╭──

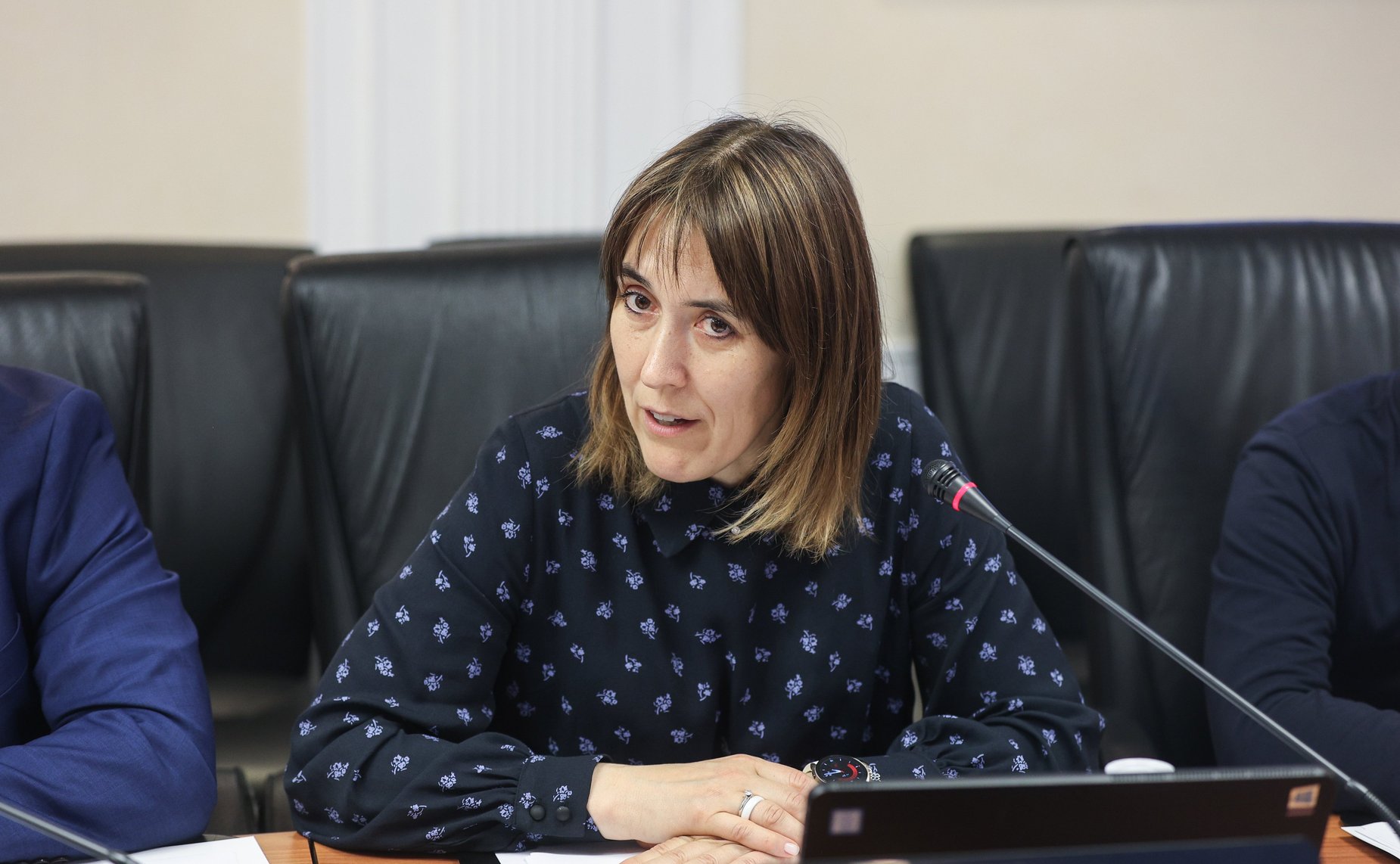 Круглый стол Комитета СФ по социальной политике «Актуальные вопросы самореализации молодежи в новых субъектах Российской Федерации»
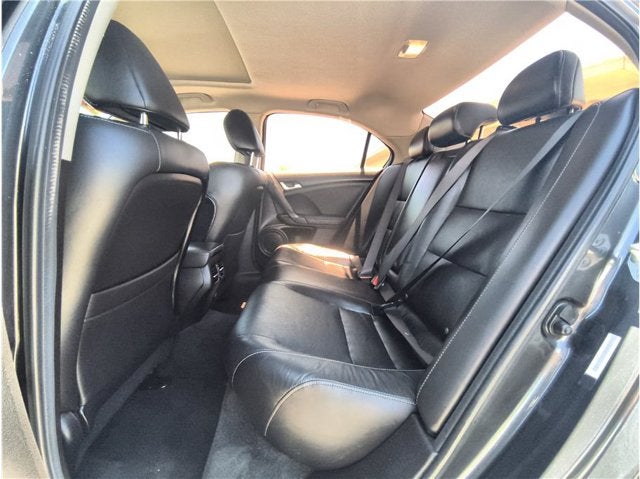 2013 Acura TSX Tech Pkg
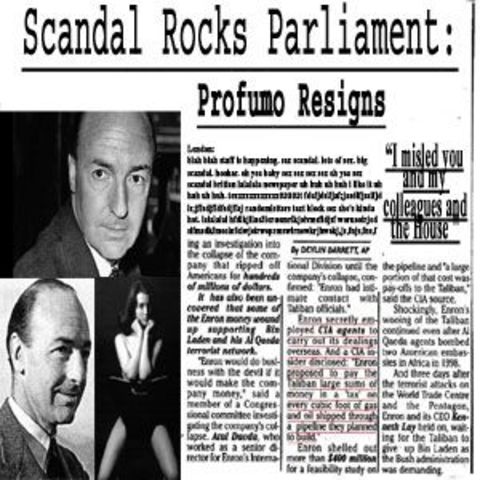 British politician sex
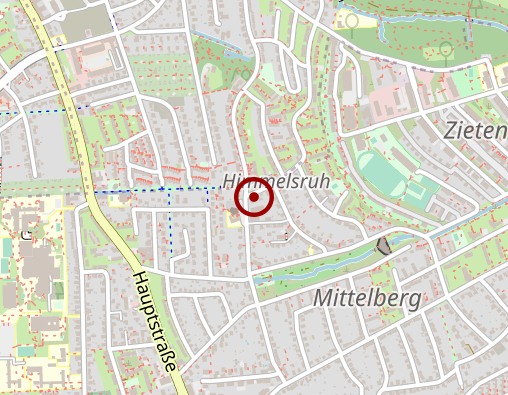 Karte: Apotheke an den Friedenslinden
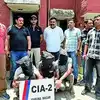 टांगें तोड़ने के लिए तीन लाख की सुपारी ली, तीन गिरफ्तार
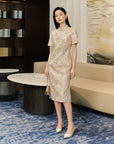 YAYING National Style Qipao Dress
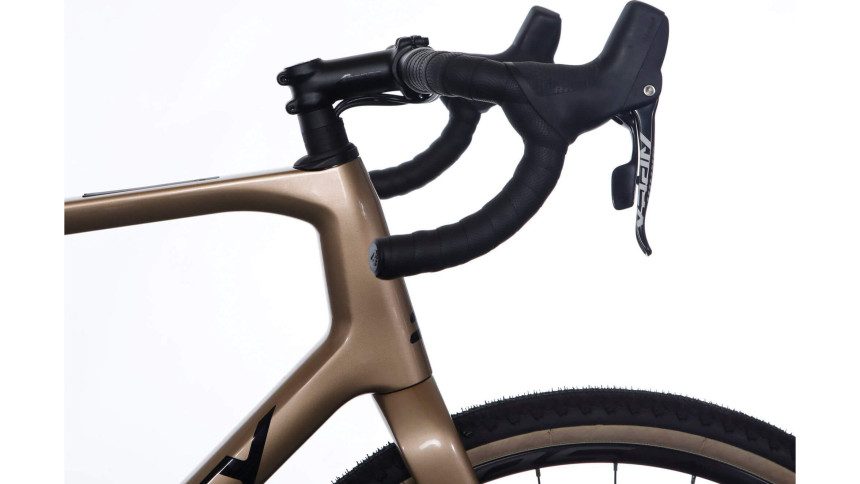 Vélo de Gravel Ridley Kanzo Adventure Sram Apex 2023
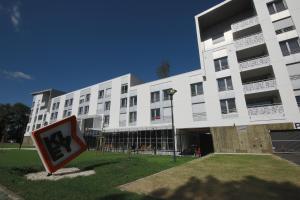 Appart'hotels Residence Kley Angers : photos des chambres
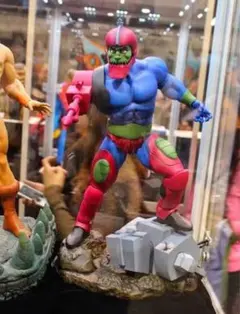 ストリートファイター PCS ザンギエフ1/4 EX版 B スタチューフィギュア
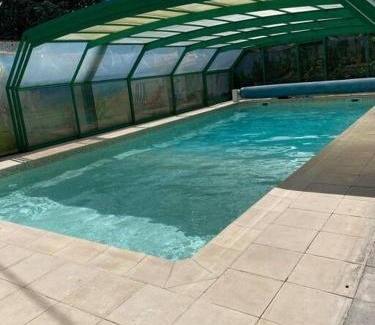 Le Pin-au-Haras Ski Chalet | Petit Chalet romantique en normandie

╰──

## Work instruction
Repeat the entries faithfully. Any picture gets left out.

## Reply
 Круглый стол Комитета СФ по социальной политике «Актуальные вопросы самореализации молодежи в новых субъектах Российской Федерации»
 2013 Acura TSX Tech Pkg
 British politician sex
 Karte: Apotheke an den Friedenslinden
 टांगें तोड़ने के लिए तीन लाख की सुपारी ली, तीन गिरफ्तार
 YAYING National Style Qipao Dress
 Vélo de Gravel Ridley Kanzo Adventure Sram Apex 2023
 Appart'hotels Residence Kley Angers : photos des chambres
 ストリートファイター PCS ザンギエフ1/4 EX版 B スタチューフィギュア
 Le Pin-au-Haras Ski Chalet | Petit Chalet romantique en normandie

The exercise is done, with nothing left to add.